MongoDB is no different from other databases as in the fact that it relies on data replication, and even if we had quantum computers at our disposal, there will always be at least a small amount of lag when replicating operations from the primary to secondary node. MongoDB replication lag is specifically the interval of time from when an operation is run on an application in the primary node, and the operation being applied to the application on the secondary node from the oplog.
MongoDB replication lag occurs when the secondary node cannot replicate data fast enough to keep up with the rate that data is being written to the primary node. This can occur for a few reasons, so it can be hard to pinpoint exactly why you are experiencing replication lag. Some of the main culprits include network latency, disk throughput, concurrency, and large amounts of data writes to MongoDB. Your MongoDB replication lag could be caused by something as simple as network latency, packet loss within your network, or a routing issue. Any of which could be slowing down the replication from your primary node to your secondary.

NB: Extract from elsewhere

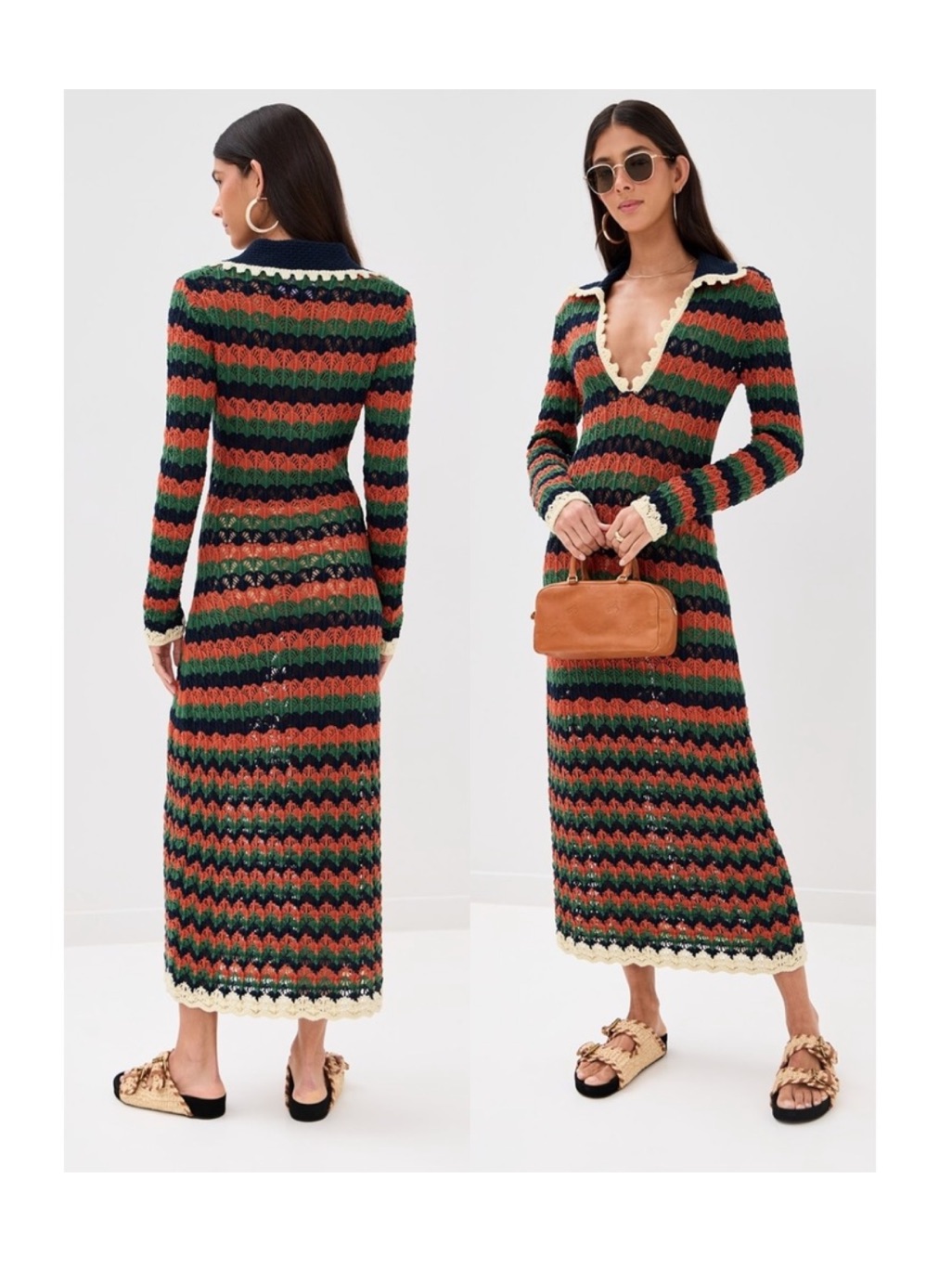 La Doublej Nwt Perry Knit Midi Dress | Crochet, Stripe, Scalloped-Trim - Orange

One of the leading causes of replication lag in multi-tenant systems is slow disk throughput. If the filesystem on the secondary disk can’t replicate the data to the disks as fast as the primary, the secondary will have issues in keeping up. Disks may also run out of memory, I/O and CPU, keeping data from being written to secondary node disks and letting them fall further behind the primary.
Concurrency strikes again! As we mentioned in our last blog on MongoDB Lock Percentage, concurrency (while entirely supported and well-handled on MongoDB with their granularity) can sometimes cause unintended consequences within your system. In this case, large and long running write operations will lock up the system and block the replication to secondaries until complete, increasing replication lag. Similar to concurrency, when running frequent and large write operations, the secondary node disk will be unable to read the oplog as fast as the primary is being written to and fall behind on replication.
As stated above, even with the most powerful computers and databases at your fingertips, you will see some sort of replication lag, but the question is, how much lag is too much lag? Ideally, in a healthy system, MongoDB replication lag should remain as close to zero as possible, but that’s not always going to be possible. Sometimes, the secondary nodes may lag behind the primary, but will usually fix themselves without any intervention necessary, and that’s perfectly normal. However, if MongoDB replication lag persistently stays high and continues to rise, then you will need to step in and remedy the situation before the quality of your database begins to degrade and you have even more problems on your hand.
You need to stay on top of this for a number of reasons. As you probably know, the main reason you have secondary nodes is for it to take over if your primary node is no longer apart of the majority active set and steps down, or it flat out fails. You will not want an out of date secondary node taking over for your primary node, and if it is so far behind that your database won’t function correctly, then you may even have to take down your entire database until your new primary node is updated, or the old one is recovered. To go along with this point, if your secondary node falls too far behind from your primary node, and operations are not being replicated and kept up-to-date, then if your primary fails and can’t be recovered, there will be a large amount of manual reconciliation that will need to be done which will take a lot of time, resources and create headaches for everyone involved.
Make sure to use all of your tools at your disposal when minimizing MongoDB replication lag. Since the Opslogs has limited space, you won’t want to let it fall too far behind, or else the secondary node can’t catch up with the primary, and if this occurs, you will need to run a full sync. It’s important to avoid a full sync at all costs since it can be extremely expensive. There are a few different methods to make sure you’re on top of MongoDB replication lag and keep it from getting out of hand. First you will want to frequently check where the replication lag interval is sitting. To check on the current replication rate, use this command in the mongo shell that is connected to the Primary Node: rs.printSlaveReplicationInfo(). This will return the ‘syncedTo’ value for each member and when the most recent oplog entry was written to the secondary.
If you don’t want to manually check MongoDB replication lag every day, consider monitoring it with a service such as Google Cloud’s Stackdriver with BindPlane. BindPlane works in tandem with the leading data monitoring services to allow you to monitor metrics such as “Slave Delay” and “replication count” within and allows you to create intelligent alerts. By definition replication lag is the amount of time it takes for the secondary to read the opslog and replicate the data from the primary node, so if it takes 15 minutes for the secondary node to read the opslog, then there is a 15 minute replication lag time. This would obviously be too much time, so to mitigate it, you can set alerts to let you know when the replication interval exceeds your ideal time, 2-5 minutes for example. Along with monitoring MongoDB replication lag time directly, you can also monitor the disk related metrics of the secondary node to make sure they keep up with the primary. For example, you can monitor metrics such as Network I/O, CPU, and Disk Space. Alerts can be set up for these as well to keep you on your toes and help you stop excessive replication lag before it happens.